Pub Date: April 1st, 1996
ISBN: 0802135013
Publisher: Grove

Nice Mary Alice Baker gets involved with all sorts of nasty terrorists in this Saturday-matinee serial for the '90s. One day, Mary Alice is a normal California girl--abusive father, dead-end job snapping photos of tiny tots at Hansel and Gretel, shiftless boyfriend named Wrex with the same Doc Martens, leather jacket, and tattoos as everybody else's boyfriend. Then Wrex asks her to run an errand at the Los Angeles Airport--to swap a package he's got for another that's coming in at noon. Mary Alice has the requisite misgivings, but Wrex will go as high as $200 for the favor, and ""the more I drank, the safer the whole idea sounded."" So Mary Alice agrees to make the swap, except a few things go wrong, and bang! the package blows up while she's still in LAX, sending her into hiding from (1) the local (and not-so-local) authorities; (2) Mike Fleischer, the mysterious buyer who never liked amateur couriers to start with and is sure this one has double-crossed him; (3) Frick and Frack, Fleischer's bullyboys, whose good terrorist/bad terrorist routine reminds Mary Alice of nobody so much as her father; and, for all she knows, (4) from the rotten apple among the bevy of exciting new friends she's met since transforming herself into pop-art photographer Nina Zero. There's demented filmmaker Cass, her randy painter friend Billy b, colorful Santa Monica gallery owner Bobby Easter, and a pair of private eyes named Ben and Jerry.

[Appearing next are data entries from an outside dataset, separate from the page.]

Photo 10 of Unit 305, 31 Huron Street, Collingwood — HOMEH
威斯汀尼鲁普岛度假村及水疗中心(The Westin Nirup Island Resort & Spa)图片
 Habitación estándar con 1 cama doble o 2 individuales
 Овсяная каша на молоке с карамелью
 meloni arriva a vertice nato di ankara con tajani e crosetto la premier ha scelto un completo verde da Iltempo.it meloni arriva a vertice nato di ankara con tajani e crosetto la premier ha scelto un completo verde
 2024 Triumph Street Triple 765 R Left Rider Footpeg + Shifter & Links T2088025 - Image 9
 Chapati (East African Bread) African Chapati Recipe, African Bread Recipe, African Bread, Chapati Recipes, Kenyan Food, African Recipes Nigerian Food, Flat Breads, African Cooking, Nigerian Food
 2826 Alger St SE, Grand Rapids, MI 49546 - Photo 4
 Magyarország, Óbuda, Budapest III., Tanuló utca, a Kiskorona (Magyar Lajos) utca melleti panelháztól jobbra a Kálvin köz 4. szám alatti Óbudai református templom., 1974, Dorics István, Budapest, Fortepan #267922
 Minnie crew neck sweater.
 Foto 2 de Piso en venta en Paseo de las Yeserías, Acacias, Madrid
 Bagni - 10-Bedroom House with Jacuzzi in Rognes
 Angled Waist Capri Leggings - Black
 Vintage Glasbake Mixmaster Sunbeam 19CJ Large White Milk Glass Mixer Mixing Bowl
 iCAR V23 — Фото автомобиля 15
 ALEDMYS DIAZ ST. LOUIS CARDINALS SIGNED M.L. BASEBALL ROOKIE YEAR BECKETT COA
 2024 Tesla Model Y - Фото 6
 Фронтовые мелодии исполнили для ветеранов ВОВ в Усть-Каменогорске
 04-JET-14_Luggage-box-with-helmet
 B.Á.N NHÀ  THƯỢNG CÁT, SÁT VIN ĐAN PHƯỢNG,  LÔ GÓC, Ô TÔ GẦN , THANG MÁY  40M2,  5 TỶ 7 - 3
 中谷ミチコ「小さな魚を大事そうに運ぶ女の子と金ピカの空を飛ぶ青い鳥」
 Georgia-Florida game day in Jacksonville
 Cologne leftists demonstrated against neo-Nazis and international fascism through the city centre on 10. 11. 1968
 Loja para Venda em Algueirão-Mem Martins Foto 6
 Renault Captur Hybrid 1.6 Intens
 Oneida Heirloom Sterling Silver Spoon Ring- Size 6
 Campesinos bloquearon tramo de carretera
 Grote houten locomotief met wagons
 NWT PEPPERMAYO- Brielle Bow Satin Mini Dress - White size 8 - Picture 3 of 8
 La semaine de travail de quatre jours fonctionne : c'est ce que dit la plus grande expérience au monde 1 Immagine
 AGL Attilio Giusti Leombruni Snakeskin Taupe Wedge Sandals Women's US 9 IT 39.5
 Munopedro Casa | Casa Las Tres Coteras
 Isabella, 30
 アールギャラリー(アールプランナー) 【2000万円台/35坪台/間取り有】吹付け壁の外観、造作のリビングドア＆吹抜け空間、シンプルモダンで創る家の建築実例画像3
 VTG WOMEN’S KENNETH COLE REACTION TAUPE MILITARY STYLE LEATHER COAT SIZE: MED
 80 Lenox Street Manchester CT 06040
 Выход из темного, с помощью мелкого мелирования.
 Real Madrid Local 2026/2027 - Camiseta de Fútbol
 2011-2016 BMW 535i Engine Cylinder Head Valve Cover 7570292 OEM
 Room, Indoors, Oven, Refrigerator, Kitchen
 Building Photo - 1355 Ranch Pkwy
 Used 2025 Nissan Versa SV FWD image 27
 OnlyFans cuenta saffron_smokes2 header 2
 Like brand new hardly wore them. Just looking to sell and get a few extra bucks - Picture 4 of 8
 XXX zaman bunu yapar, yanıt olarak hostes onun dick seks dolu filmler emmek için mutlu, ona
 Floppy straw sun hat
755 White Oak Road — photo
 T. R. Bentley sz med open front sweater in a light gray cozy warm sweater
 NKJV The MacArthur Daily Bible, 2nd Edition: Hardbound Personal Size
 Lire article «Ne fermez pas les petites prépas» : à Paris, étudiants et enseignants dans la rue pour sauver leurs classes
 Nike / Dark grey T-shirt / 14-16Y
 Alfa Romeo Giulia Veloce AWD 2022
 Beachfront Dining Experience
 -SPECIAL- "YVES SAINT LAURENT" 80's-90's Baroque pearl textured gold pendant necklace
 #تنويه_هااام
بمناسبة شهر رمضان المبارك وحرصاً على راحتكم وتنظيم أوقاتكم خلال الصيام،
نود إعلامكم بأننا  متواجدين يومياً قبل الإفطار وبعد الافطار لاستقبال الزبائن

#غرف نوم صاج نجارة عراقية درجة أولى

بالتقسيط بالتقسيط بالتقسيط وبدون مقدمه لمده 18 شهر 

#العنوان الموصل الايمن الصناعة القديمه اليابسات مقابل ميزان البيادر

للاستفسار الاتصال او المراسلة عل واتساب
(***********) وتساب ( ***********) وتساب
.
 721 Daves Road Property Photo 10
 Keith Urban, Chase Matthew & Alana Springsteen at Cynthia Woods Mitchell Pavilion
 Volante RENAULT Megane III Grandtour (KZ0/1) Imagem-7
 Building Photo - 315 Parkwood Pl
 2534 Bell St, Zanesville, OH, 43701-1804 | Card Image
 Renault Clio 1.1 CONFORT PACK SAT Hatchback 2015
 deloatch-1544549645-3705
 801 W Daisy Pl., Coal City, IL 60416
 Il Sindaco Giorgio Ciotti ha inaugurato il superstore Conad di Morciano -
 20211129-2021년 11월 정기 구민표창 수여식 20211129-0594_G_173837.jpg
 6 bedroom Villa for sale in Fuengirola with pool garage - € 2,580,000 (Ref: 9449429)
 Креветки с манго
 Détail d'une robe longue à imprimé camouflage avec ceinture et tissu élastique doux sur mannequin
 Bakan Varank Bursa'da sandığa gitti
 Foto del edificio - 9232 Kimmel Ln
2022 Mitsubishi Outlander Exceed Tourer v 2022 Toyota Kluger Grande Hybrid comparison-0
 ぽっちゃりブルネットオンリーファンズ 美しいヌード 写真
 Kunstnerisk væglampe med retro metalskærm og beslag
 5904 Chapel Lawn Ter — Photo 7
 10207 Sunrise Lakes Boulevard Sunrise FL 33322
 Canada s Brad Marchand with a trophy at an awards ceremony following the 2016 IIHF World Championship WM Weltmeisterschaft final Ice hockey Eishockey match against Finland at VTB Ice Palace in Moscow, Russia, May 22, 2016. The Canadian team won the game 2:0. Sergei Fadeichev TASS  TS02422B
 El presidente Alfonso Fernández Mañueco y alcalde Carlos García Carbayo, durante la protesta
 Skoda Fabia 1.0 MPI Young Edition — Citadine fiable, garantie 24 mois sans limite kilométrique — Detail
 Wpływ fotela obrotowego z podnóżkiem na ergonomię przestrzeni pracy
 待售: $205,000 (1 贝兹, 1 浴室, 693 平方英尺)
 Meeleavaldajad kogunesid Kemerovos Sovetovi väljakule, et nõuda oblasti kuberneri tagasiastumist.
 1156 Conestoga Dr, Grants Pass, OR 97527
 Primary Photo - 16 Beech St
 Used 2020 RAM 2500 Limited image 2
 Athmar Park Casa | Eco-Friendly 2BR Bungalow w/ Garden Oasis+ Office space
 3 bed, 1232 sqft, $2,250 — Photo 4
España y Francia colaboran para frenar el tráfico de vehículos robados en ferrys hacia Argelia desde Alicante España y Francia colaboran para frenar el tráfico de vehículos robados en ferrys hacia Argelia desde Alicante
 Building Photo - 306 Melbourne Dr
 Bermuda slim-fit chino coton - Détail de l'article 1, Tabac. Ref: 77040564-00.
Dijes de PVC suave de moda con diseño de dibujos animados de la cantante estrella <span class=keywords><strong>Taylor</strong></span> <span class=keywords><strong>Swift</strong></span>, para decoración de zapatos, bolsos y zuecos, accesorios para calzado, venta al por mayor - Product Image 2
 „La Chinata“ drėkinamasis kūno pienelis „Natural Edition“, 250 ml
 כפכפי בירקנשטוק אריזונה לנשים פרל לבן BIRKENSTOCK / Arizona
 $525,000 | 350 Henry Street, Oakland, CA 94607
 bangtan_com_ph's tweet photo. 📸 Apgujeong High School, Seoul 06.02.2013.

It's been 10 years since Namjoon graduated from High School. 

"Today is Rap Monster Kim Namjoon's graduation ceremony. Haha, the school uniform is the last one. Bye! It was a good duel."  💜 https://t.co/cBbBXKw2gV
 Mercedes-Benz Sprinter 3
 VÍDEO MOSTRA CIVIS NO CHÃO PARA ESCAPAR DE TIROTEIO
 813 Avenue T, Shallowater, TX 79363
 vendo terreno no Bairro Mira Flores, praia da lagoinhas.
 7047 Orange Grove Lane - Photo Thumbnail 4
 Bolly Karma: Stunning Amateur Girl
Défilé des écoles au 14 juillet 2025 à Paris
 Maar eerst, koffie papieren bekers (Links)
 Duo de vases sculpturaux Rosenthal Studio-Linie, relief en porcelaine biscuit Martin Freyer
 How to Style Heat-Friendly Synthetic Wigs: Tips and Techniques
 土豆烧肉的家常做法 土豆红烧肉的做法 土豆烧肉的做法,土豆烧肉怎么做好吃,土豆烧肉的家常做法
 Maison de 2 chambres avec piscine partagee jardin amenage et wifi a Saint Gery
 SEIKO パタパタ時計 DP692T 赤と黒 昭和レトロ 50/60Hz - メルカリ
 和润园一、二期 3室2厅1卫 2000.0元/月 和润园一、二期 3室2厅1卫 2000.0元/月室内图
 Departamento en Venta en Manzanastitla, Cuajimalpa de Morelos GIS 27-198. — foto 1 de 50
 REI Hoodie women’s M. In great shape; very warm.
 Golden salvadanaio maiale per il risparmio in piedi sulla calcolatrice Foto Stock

All this sounds a lot more fun than it is, because the cheerfully crazy characters Mary Alice--sorry: Nina--meets aren't all that different from one another, the terrorist plot is familiar and featherweight, and Mary Alice's self-styled ""Confession of an Accidental Terrorist"" lacks a style as flagrantly goofy as the events it retails, probably because even as Nina Zero, Mary Alice remains invincibly nice. Eversz (False Profit, 1990, etc.) whips up a candy-colored terrorist parfait in which the copious blood might as well be strawberry sauce.